Quality Assurance 1631 Standardization of Methods

Forensic science laboratories must operate using prescribed methods and standards in order for their results to withstand scrutiny in the courtroom setting. The American Society of Crime Laboratory Directors/Laboratory Accreditation Board (ASCLD/LAB) has created voluntary programs "in which any crime laboratory may participate to demonstrate that its management, personnel, operational and technical procedure, equipment and physical facilities meet established standards" (Romano 2004). Accreditation is desirable because it demonstrates adherence to standard protocols which, in turn, confers confidence in the reliability of laboratory results. While an increasing number of laboratories, worldwide, are seeking accreditation by ASCLD/LAB International Standards of Organization (ISO) are applied world wide as well and many forensic institutes (including entomological labs), trying to implement ISO 17025.

This trend will also be seen in the sub-discipline of forensic entomology. In fact, Amendt et al. (2006) published the first set of standards and guidelines for use by entomologists, pathologists, investigators, and other professionals since the publication of Entomology and Death: A Procedural Guide (Catts and Haskell 1990). By following standards and guidelines, the results from entomological analyses conducted by independent analysts will be comparable. Furthermore, the quality of the work can be more easily assessed (Amendt et al. 2007). Ideally, these standards and guidelines will be adopted by practitioners in every country, universalizing the science.
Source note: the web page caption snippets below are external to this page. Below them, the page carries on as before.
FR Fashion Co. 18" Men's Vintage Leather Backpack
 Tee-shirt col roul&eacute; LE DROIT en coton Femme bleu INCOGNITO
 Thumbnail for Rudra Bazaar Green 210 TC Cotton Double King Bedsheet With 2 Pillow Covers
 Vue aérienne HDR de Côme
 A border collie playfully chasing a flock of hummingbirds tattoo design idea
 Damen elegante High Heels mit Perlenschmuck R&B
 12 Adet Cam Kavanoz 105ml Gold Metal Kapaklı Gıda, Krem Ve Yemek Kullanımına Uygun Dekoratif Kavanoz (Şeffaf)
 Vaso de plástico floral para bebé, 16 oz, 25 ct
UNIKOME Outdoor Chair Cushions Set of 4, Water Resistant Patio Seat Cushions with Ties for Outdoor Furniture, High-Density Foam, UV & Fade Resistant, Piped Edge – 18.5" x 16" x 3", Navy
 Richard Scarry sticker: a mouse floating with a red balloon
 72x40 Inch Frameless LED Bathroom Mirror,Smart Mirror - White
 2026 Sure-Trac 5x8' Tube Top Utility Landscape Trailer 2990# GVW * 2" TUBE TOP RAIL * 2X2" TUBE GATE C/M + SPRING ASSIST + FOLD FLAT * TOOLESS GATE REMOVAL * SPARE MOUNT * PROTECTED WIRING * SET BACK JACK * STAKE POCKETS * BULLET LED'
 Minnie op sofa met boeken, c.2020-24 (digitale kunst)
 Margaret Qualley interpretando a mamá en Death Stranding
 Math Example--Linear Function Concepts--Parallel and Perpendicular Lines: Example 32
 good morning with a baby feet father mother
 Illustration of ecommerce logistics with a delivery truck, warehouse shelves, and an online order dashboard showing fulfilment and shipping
The American Board of Forensic Entomology (ABFE) was formed in 1996 as a means of certifying forensic entomologists (http://www.research.missouri.edu/ entomology). Being an ABFE Diplomate or Member reflects positively upon the forensic entomologist's experience and skill and bolsters their testimony as an expert witness In 2002 the European Association for Forensic Entomology was founded (www.eafe.org), which is just about to establish interlaboratory tests on an European level. The trend toward certification will continue as an increasing number of forensic entomologists are put on the witness stand to testify.